The reaction to Siva Vaidhyanathan's alarm-ringing about Google Book Search has grown particularly acrimonious in recent weeks. In Sivacracy.net, Vaidhyanathan has reprinted some of the juicier diatribes by Google advocates in the library community, including Walt Crawford's comparison of the politically progressive media scholar and cyber-activist to right-wing environmental figurehead Gale Norton. (See above.)

Does this mean that Vaidhyanathan's plan for creating an academic discipline around what he has called "Critical Information Studies" (or "CIS") in a recent manifesto is unraveling? This intellectual enterprise will certainly require an ambitious programme of collaboration, as Vaidhyanathan envisions it.

CIS captures the variety of approaches and bodies of knowledge needed to make sense of important phenomena such as copyright policy, electronic voting, encryption, the state of libraries, the preservation of ancient cultural traditions, and markets for cultural production. It necessarily stretches to a wide array of scholarly subjects, employs multiple complementary methodologies, and influences conversations far beyond the gates of the university.

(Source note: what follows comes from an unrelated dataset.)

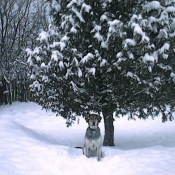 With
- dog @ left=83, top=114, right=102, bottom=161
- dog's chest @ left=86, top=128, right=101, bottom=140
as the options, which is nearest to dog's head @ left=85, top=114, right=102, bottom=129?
dog @ left=83, top=114, right=102, bottom=161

Economists, sociologists, linguists, anthropologists, ethnomusicologists, communication scholars, lawyers, computer scientists, philosophers, and librarians have all contributed to this field, and thus it can serve as a model for how engaged, relevant scholarship might be carried out.

It's obvious that corporate interests shouldn't be enabled in perpetuating academic factions, but it's less obvious how cross-professional communities can be maintained. Of course, librarians are a critical part of the field that is being outlined. Some might gripe that Vaidhyanathan puts them last on his list, but his work on copywrongs and public culture places him solidly on the side of the action agenda of the ALA. And I'm assuming that "rhetoricians" belong with "communication scholars," so I don't plan on being piqued about any perceived oversight on his part.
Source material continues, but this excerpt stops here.